Tell us about a current, or future, translation project that you're excited about.
I just finished a manuscript of translations from Liliana Ursu’s poetry and am getting ready to send it out. In a review of her previous collection in English (A Path to the Sea, translated by the author with Adam J. Sorkin and Tess Gallagher), I mentioned that she was a poet to whose work we would return “as if to a time capsule, for glimpses into what it meant, at some point, to sustain an interior life, find virtue in simplicity, and make each gesture count,” and I stand by that description. Her poems are deeply spiritual, illuminating, unassuming. I am very excited about this manuscript, which comprises a selection of poems from a number of Romanian collections. Here’s one piece:
CHIMNEY SWEEPERS BETWEEN MILLENIA
On earth, sweepers have little charm.
You have to watched them crucified above town
to really see them.
In the pub’s vaulting, their voices barely flicker,
far from the white smoke bought with life’s soot.
Here come the sweepers, lamb in arms,
in a town with no chimneys
in a time without lambs.
Sholeh Wolpé’s question: The lexical similarity of Romanian with Italian has been estimated at 77%, and modern Romanian vocabulary has been strongly influenced by French. In your opinion, are these influences positive or negative, and to what extent do they affect your translations?

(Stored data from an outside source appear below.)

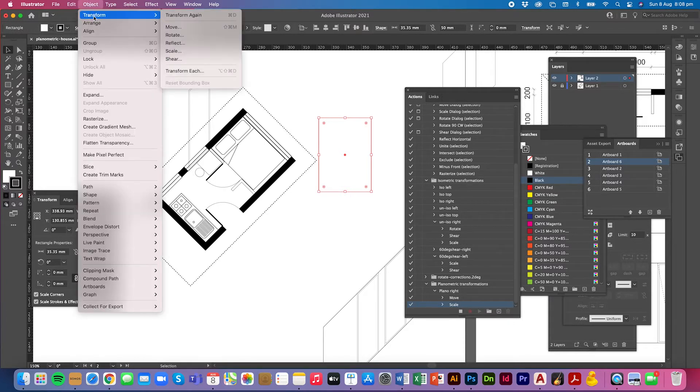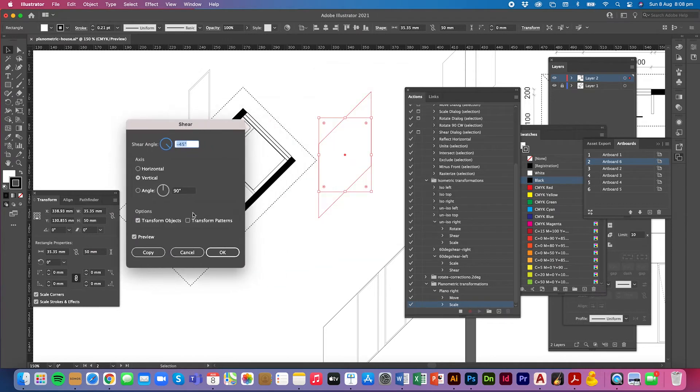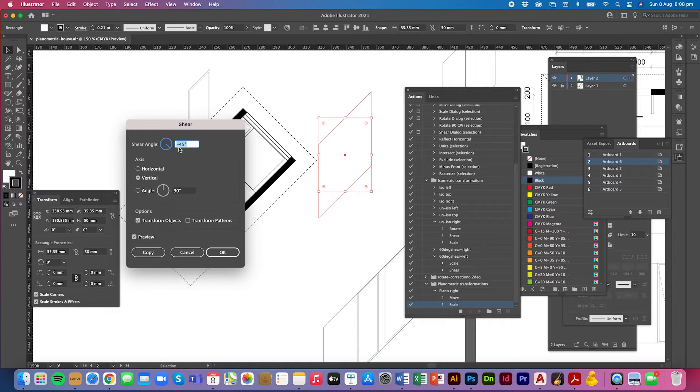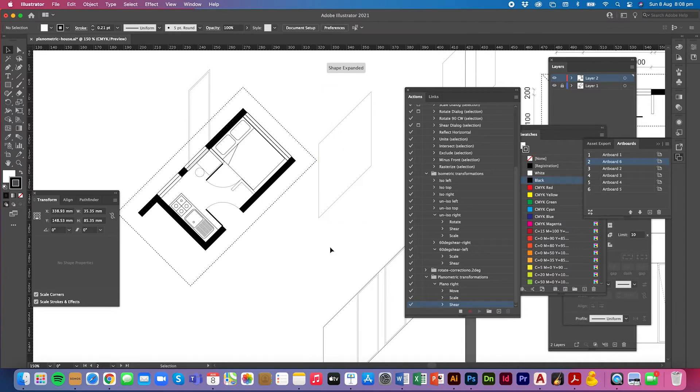Then I'm going to shear it, object transform shear and you can see that the preview is already giving me a vertical, axis is vertical and minus 45 degrees shears it.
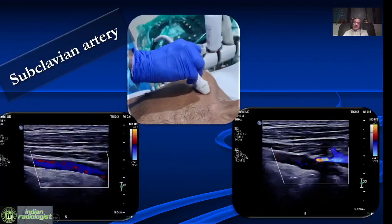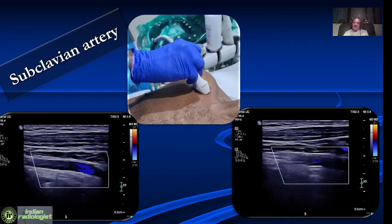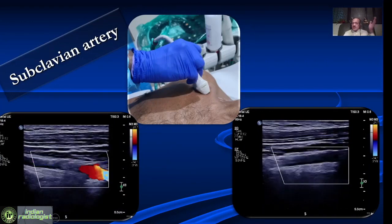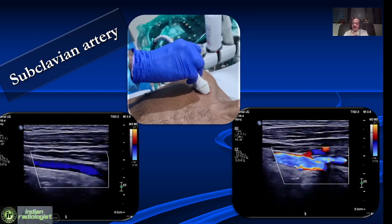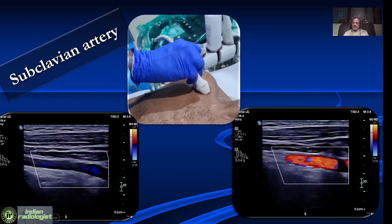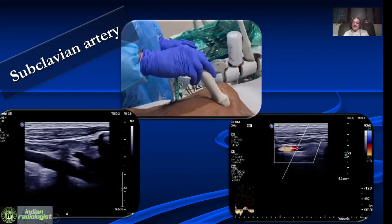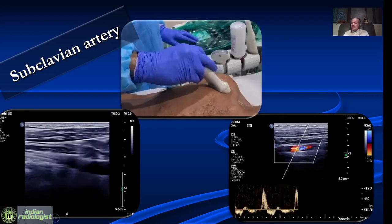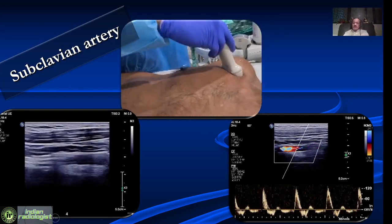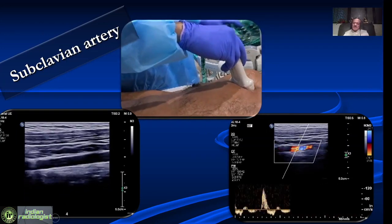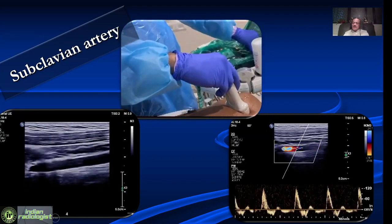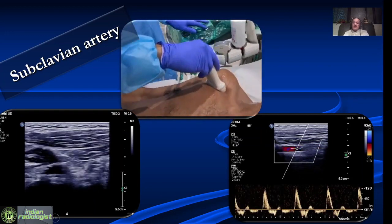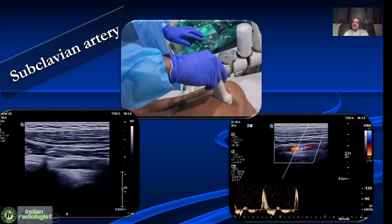Then, keeping the position the same, we look at the subclavian artery. We try to go as close to the origin as possible and tilt the beam towards the manubrium sternum in the proximal portion. As we go distally towards the axilla, we tilt the probe on the opposite side. The subclavian artery typically has a very high resistance waveform with reversal of diastolic flow and a little forward flow later.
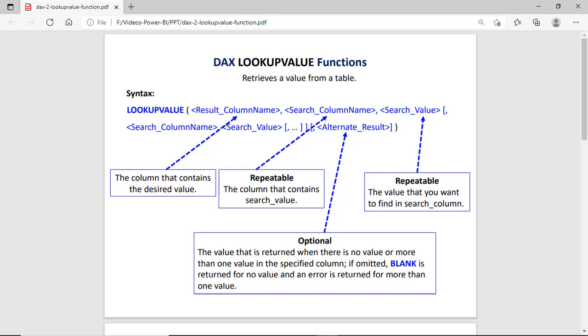Hi guys, this is Inash Sharma and in this session we will discuss the DAX function LOOKUPVALUE. LOOKUPVALUE is used to retrieve a value from a table on the basis of some matching pattern.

Romanian has Indo-European roots and belongs to the same family of Romance languages as Italian, French, Spanish, and Portuguese. At the same time, all kinds of linguistic influences (Turkish, Slavic, Hungarian, Greek) have altered the predominantly Latin structure along its turbulent history. As a Romance-language speaker I do have certain advantages, yes, though less in terms of my own translation process. I translate only from Romanian into English (and a little bit from English into Romanian), but I lead multilanguage translation workshops in the low-residency MFA Program in Poetry and Poetry in Translation at Drew University, and I work with students translating from various Romance languages, so having that common pool is tremendously useful.